Al mirar este bosque tan numeroso de mínimas esculturas me siento afortunado y enormemente agradecido. Doy gracias por la suerte de tener amigos que guardan y me traen los bozales de sus momentos más alegres y felices. Con estos bozales en las manos soy consciente de que solo puedo manipularlos (sin repetir, cortar ni añadir) valorando lo que representan: la amistad.
Jugar con bozales que represan el esbelto edificio de cristal y burbujas se está transformando en un hábito innovador de formas.
Sin saber cómo, he llegado a las novecientas fruslerías al cava. Reto y juego de no plagiarme.

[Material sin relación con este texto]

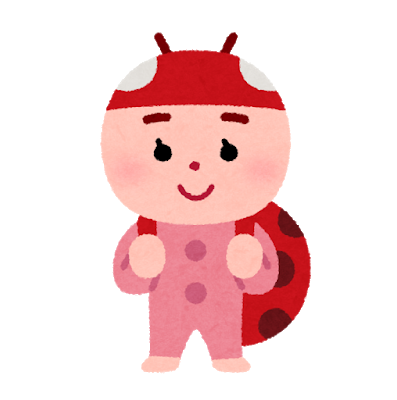 bug_character_tentoumushi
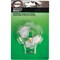 Danco Temperature Control Single Clear Tub & Shower Handle Kit 88202 - alternate 2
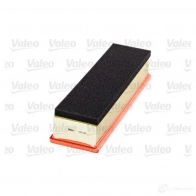Воздушный фильтр VALEO 3276425850491 1206044856 585049 0 Q88RC - Изображение 2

Alambres que aún se ofrecen como invitación a ser transformados, como si encerraran la posibilidad de imitación de múltiples formas de sarmientos.
Geometría de espacios y líneas, itinerarios de hilos de azar.
Gestos que se repiten instante tras instantes en la débil materia, multiplicación de ecos lineales.
Ramas de alambre en las manos, ráfagas de curvas al tacto.
Forzoso es no repetir encuentros, por partir todos de la misma materia inventamos un vocabulario.
El silencio y la calma desbarata el vocabulario y lo enriquece de formas.
Estos árboles de alambre se aventuran en el espacio.
Ensayar formas, su armonía; el espacio condesado entre los dedos como una vid en la palma de la mano.